Task goal — Look through the listing below and write out exactly the lines from the line with "#VIITPune #InnovativeCollaborations #CuttingEdgeTech" to the line with "SSD Gigabyte Gen3 2500E, 500GB, NVMe, M.2", both included, and no others.

Exercise materials —
- - -
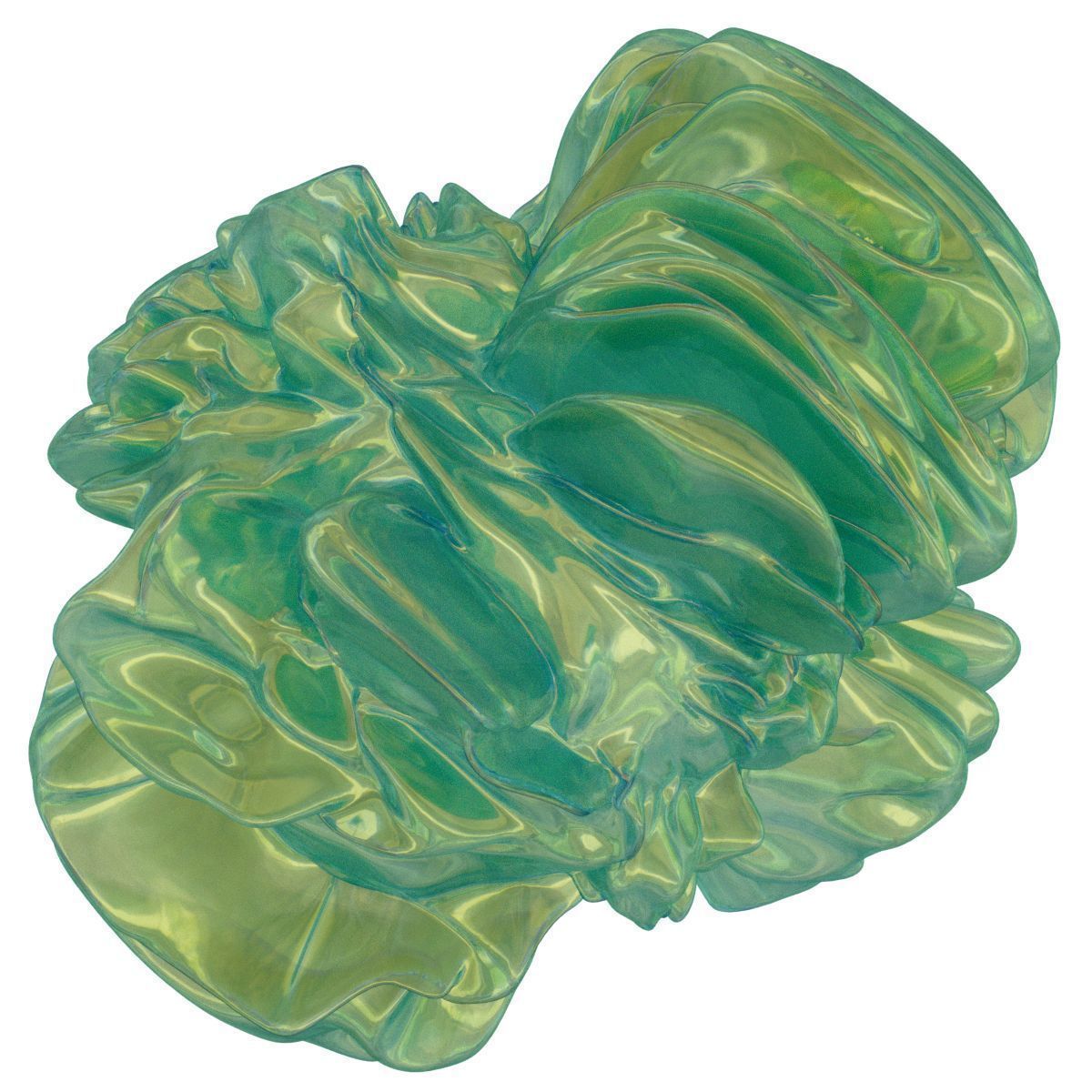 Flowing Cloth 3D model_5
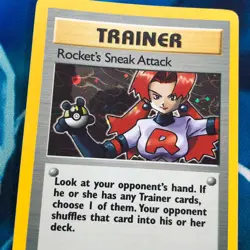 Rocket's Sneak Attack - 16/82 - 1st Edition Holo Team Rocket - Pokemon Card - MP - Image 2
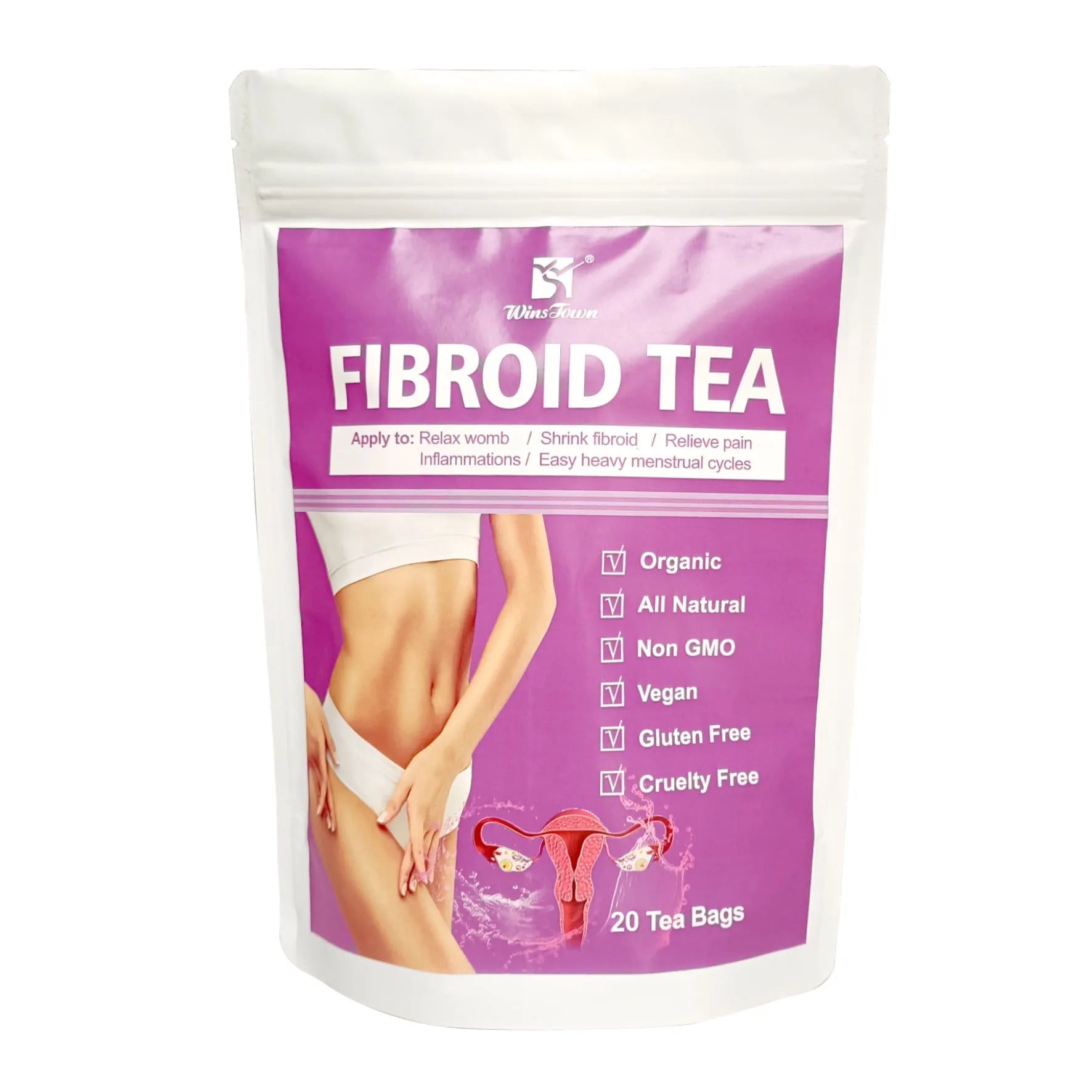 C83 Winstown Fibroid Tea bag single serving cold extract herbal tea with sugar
- - -
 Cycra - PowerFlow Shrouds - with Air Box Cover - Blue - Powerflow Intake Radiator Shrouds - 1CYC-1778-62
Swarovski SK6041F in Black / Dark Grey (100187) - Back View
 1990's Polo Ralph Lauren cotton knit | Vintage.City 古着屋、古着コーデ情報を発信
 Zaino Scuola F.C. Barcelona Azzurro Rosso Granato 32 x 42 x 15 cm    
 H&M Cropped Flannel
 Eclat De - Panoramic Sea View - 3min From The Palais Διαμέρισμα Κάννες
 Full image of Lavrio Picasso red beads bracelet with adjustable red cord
- - -
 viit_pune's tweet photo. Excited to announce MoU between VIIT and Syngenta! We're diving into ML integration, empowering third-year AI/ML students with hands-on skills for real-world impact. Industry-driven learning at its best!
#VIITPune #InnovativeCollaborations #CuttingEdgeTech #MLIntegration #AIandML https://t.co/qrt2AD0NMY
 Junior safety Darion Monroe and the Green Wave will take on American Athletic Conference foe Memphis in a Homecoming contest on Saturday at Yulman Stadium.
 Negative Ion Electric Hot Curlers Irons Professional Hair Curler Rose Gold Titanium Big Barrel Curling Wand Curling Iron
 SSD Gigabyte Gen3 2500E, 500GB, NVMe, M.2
- - -
Exercise output —
#VIITPune #InnovativeCollaborations #CuttingEdgeTech #MLIntegration #AIandML https://t.co/qrt2AD0NMY
 Junior safety Darion Monroe and the Green Wave will take on American Athletic Conference foe Memphis in a Homecoming contest on Saturday at Yulman Stadium.
 Negative Ion Electric Hot Curlers Irons Professional Hair Curler Rose Gold Titanium Big Barrel Curling Wand Curling Iron
 SSD Gigabyte Gen3 2500E, 500GB, NVMe, M.2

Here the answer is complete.